If everybody lived like I do, we could all live like kings and the world would be fine. I never reproduced.
posted by It's Raining Florence Henderson at 9:42 AM on September 27, 2007


If everybody lived like I do, we could all live like kings and the world would be fine. I never reproduced.

That would work great... for one generation.
posted by Justinian at 10:36 AM on September 27, 2007


Exactly.
posted by It's Raining Florence Henderson at 10:38 AM on September 27, 2007


7.9 w00t! Fuck da planet!
posted by Debaser626 at 11:08 AM on September 27, 2007


Well, I live in 500sq.ft with two people, and it went from 1 to 0.7 when I entered that, so I'm not sure where everyone gets this 10 people thing from.

Yeah, but if you waste a whole .7 on housing, you're going to have a terrible time coming in at 1 or under.
posted by Mr. President Dr. Steve Elvis America at 11:11 AM on September 27, 2007


Exactly. two people in a 500 sqft apartment takes up most of your planet allowance. You need to get it down to .3 or .4, which would be a whole buncha people.

If the model were accurate, of course, which it isn't.
posted by Justinian at 11:29 AM on September 27, 2007


1.5

But I don't see a hell of a lot of choice on some of these things.

For example, all the grocery stores within walking distance sell pretty much the same stuff, and it usually isn't locally or organically grown. Even the veggie/healthy store sells processed, overpackaged, overpriced, overshipped veggie/healthy stuff. I'm better off going to to a normal greengrocer. Maybe I could drive out into the country to buy food from farmers, but then I'd have to buy a car, waste the gas, cause pollution, use up potentially green space for parking, eventually put the car in a dump, etc.

And our electricity comes from where it comes from. We don't get some bloody choice in the matter. All I can do is use a little less coal-generated electricity.

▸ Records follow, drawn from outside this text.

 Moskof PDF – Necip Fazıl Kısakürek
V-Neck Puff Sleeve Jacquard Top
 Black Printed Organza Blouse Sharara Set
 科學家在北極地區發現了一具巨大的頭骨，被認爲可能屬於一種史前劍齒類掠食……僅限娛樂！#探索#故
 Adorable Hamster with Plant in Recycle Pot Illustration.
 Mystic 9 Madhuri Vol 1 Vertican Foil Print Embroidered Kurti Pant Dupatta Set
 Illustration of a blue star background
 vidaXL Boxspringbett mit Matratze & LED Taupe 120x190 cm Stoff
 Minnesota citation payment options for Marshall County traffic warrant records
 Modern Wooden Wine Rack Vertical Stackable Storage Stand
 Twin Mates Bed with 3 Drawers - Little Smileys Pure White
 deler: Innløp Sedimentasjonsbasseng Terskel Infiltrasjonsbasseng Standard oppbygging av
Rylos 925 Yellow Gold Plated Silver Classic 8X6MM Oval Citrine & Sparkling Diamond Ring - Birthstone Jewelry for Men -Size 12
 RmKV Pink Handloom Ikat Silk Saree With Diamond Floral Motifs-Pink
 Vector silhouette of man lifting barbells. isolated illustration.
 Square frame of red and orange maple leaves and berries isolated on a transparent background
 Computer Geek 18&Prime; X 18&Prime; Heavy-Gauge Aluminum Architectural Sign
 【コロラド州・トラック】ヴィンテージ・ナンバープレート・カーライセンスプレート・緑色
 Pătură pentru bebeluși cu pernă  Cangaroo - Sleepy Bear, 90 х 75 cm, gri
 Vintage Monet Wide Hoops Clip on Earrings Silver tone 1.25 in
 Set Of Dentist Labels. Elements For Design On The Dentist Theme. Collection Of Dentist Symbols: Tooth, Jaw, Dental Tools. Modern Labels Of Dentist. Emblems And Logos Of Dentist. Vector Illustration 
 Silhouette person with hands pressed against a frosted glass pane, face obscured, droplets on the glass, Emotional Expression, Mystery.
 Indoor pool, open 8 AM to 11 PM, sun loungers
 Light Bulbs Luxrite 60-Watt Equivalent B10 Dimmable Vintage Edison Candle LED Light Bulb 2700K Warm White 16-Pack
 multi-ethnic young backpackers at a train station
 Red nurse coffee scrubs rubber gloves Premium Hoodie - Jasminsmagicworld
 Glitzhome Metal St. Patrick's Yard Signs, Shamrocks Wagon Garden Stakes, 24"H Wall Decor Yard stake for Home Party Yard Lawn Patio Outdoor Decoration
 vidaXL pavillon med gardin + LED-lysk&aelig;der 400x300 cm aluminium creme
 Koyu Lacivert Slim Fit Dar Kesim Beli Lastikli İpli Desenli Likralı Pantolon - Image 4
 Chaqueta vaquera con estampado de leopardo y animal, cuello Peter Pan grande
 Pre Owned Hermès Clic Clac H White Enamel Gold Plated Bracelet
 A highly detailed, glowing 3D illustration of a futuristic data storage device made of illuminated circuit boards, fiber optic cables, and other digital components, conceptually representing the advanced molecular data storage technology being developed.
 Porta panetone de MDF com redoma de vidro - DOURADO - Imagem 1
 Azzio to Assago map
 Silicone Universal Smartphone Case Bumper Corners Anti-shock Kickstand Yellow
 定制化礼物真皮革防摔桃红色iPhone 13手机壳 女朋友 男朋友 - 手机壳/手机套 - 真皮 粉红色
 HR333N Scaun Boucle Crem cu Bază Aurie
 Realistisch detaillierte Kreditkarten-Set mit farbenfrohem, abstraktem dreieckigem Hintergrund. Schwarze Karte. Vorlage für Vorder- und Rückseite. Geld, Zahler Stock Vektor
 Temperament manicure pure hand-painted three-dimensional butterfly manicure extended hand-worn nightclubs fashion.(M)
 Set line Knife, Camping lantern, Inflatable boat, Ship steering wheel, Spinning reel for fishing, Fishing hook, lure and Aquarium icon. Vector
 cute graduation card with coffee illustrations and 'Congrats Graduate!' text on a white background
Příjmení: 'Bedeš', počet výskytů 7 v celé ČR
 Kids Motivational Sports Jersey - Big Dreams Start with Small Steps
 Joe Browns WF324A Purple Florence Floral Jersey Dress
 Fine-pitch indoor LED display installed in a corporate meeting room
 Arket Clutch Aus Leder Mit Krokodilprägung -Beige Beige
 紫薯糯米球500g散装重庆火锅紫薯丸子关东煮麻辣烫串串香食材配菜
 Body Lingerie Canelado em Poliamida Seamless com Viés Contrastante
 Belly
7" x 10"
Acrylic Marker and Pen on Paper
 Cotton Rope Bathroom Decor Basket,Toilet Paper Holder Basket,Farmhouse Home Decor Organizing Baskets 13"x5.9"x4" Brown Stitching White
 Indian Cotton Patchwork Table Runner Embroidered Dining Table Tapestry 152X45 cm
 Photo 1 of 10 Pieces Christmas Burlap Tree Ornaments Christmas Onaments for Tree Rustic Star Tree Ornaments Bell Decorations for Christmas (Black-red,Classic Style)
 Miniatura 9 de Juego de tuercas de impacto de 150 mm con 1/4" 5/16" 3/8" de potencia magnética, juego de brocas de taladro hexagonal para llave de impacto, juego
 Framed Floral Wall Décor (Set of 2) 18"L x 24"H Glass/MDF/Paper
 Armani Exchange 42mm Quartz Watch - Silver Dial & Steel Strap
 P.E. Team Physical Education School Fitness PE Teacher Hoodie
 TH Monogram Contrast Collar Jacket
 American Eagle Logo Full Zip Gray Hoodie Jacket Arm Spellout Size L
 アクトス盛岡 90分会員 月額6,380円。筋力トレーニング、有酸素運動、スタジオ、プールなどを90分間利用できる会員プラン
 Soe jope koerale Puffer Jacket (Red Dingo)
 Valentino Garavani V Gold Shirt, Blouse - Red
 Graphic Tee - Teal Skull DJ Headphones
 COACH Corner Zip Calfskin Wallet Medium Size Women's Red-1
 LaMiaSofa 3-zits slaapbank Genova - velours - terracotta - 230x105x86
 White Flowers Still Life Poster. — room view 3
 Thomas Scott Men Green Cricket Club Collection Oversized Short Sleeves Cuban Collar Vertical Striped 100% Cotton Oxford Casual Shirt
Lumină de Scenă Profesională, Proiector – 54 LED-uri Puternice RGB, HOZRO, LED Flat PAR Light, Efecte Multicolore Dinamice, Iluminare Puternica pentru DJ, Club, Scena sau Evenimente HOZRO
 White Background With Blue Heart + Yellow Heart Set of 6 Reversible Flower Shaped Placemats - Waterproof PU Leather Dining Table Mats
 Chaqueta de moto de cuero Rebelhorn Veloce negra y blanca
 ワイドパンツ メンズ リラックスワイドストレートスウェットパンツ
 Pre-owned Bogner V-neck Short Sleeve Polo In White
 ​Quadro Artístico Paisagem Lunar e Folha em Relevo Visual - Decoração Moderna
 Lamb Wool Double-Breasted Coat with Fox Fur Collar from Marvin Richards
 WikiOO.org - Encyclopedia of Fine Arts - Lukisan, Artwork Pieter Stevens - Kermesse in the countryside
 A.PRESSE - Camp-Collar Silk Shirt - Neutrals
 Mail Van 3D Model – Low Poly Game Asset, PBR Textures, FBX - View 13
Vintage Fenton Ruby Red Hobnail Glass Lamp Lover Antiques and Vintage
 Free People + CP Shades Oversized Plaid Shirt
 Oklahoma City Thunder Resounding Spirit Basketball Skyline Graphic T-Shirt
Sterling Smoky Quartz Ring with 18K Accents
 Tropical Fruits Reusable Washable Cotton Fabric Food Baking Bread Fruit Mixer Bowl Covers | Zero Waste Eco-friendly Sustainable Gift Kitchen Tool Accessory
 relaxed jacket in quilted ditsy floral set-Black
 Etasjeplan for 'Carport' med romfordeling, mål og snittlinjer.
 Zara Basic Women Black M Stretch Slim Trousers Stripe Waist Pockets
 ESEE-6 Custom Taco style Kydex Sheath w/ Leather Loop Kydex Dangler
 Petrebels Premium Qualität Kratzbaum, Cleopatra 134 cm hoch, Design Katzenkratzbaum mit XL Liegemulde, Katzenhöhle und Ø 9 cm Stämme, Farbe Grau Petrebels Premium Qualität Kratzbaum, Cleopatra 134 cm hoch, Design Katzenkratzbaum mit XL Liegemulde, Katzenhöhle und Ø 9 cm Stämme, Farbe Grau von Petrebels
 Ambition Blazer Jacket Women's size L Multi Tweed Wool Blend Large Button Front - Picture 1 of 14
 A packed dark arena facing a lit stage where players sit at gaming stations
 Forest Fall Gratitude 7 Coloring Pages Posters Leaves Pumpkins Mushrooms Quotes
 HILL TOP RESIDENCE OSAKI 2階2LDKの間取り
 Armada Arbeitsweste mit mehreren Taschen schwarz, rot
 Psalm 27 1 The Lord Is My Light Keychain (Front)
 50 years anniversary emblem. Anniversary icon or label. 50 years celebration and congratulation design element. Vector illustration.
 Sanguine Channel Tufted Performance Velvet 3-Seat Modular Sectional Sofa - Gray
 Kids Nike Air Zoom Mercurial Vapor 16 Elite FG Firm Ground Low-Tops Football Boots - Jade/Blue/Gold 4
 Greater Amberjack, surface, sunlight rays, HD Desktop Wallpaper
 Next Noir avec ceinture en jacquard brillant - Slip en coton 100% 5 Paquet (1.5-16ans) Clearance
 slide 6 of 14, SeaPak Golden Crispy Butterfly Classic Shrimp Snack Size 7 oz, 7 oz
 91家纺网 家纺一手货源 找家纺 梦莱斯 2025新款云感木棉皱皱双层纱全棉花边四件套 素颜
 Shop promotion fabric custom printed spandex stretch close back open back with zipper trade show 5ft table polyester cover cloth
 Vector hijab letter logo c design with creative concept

Luckily for us, there are about 2 billion poor starving bastards living in cardboard boxes and mud burrows who would get about a 0.3 on this test.
posted by pracowity at 12:06 PM on September 27, 2007


schroedinger: I hear you; point taken. But I still don't see how all of us changing our goddamned light bulbs is going to help when our entire industrial and a good portion of our agricultural capacity has been shipped overseas to avoid anti-pollution laws, among other things.

Don't underestimate The Man's ability to undermine pesky obstacles like democracy and the vote.
posted by nax at 12:44 PM on September 27, 2007


When Americans stop believing that 'Bigger is Better', we won't need other planets. The one we have should suffice. Also, start pushing those birth control pills in third world countries.